### DATA FOR THE TASK:
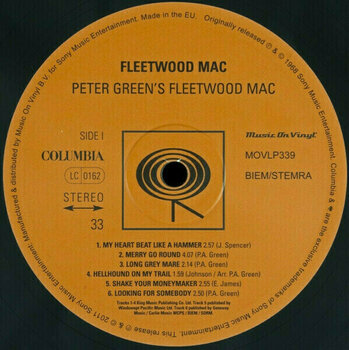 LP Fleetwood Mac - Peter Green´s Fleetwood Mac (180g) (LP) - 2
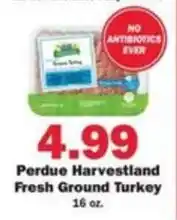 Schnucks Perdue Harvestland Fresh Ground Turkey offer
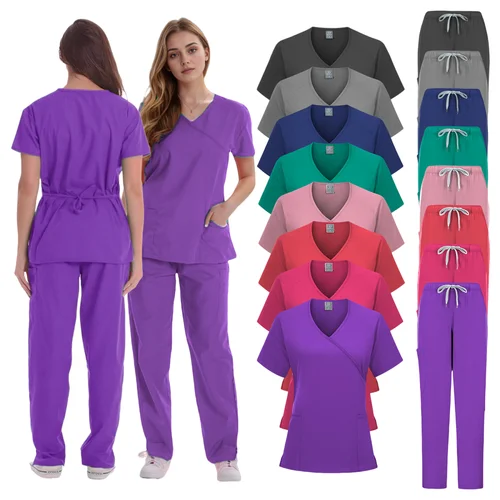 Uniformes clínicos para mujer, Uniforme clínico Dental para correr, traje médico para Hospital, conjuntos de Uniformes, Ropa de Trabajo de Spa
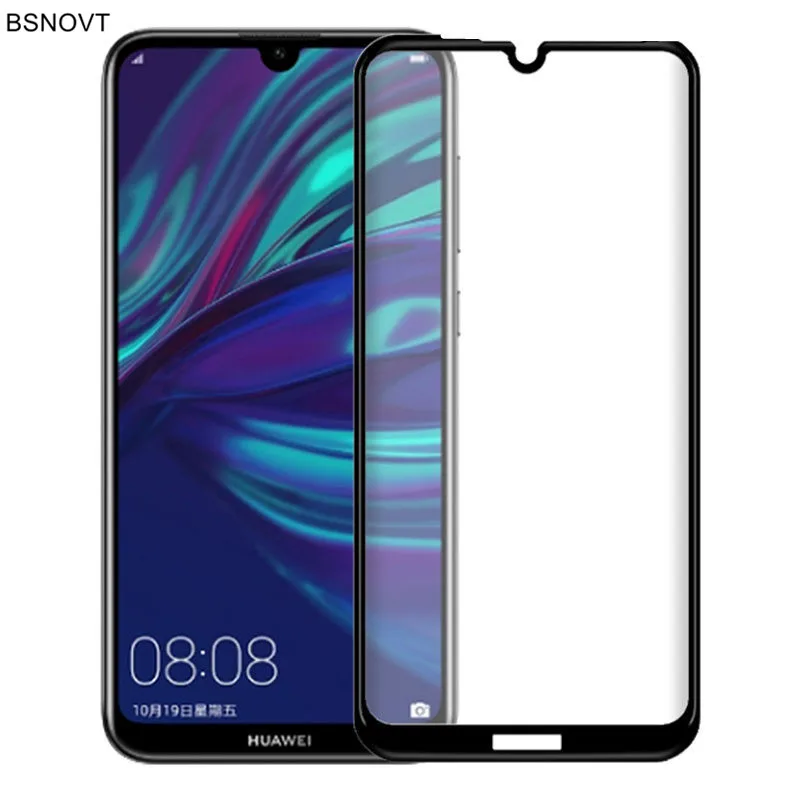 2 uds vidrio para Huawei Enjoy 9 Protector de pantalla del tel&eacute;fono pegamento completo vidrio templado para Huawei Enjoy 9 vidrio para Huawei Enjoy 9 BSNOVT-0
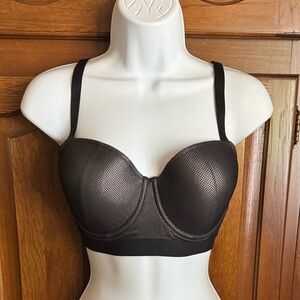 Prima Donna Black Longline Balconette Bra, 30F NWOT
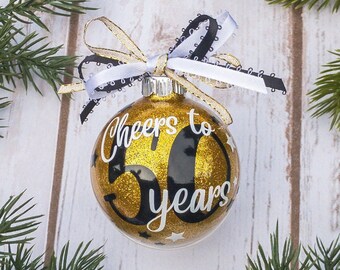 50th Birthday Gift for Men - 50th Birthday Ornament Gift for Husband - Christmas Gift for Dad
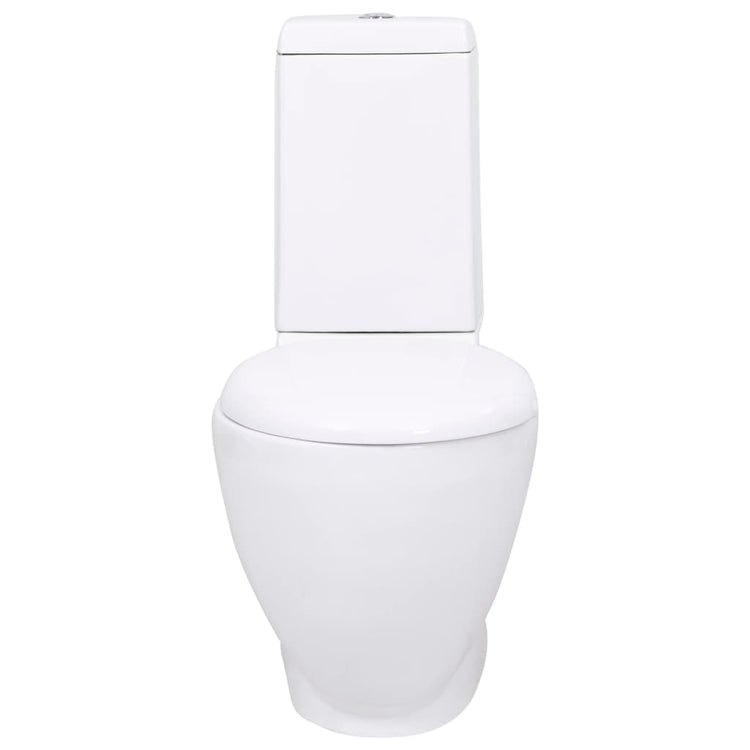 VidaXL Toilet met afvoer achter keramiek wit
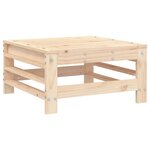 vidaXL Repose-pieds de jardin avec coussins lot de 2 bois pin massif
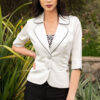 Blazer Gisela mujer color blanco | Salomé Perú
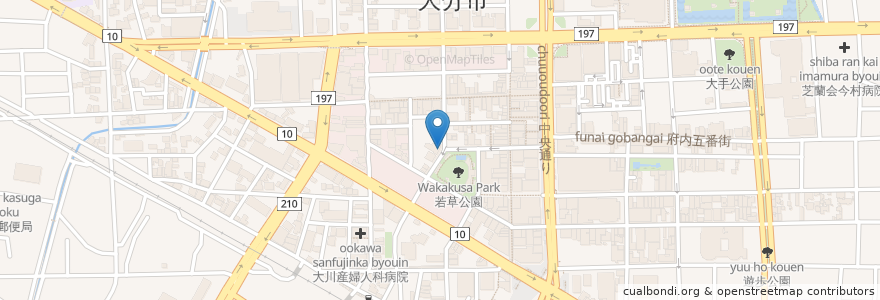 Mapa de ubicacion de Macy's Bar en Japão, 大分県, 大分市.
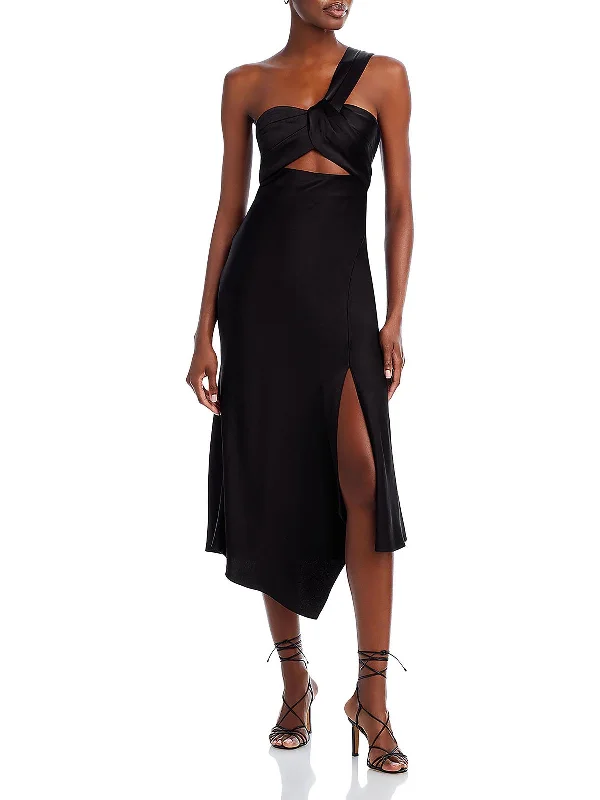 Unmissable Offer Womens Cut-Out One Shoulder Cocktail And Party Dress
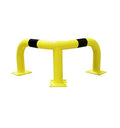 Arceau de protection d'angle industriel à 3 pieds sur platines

### EXERCISE REQUIREMENTS:
Line by line, print the records above exactly, skipping each picture.

### REPLY:
 LP Fleetwood Mac - Peter Green´s Fleetwood Mac (180g) (LP) - 2
 Schnucks Perdue Harvestland Fresh Ground Turkey offer
 Uniformes clínicos para mujer, Uniforme clínico Dental para correr, traje médico para Hospital, conjuntos de Uniformes, Ropa de Trabajo de Spa
 2 uds vidrio para Huawei Enjoy 9 Protector de pantalla del tel&eacute;fono pegamento completo vidrio templado para Huawei Enjoy 9 vidrio para Huawei Enjoy 9 BSNOVT-0
 Prima Donna Black Longline Balconette Bra, 30F NWOT
 50th Birthday Gift for Men - 50th Birthday Ornament Gift for Husband - Christmas Gift for Dad
 VidaXL Toilet met afvoer achter keramiek wit
 vidaXL Repose-pieds de jardin avec coussins lot de 2 bois pin massif
 Blazer Gisela mujer color blanco | Salomé Perú
 Mapa de ubicacion de Macy's Bar en Japão, 大分県, 大分市.
 Unmissable Offer Womens Cut-Out One Shoulder Cocktail And Party Dress
 Arceau de protection d'angle industriel à 3 pieds sur platines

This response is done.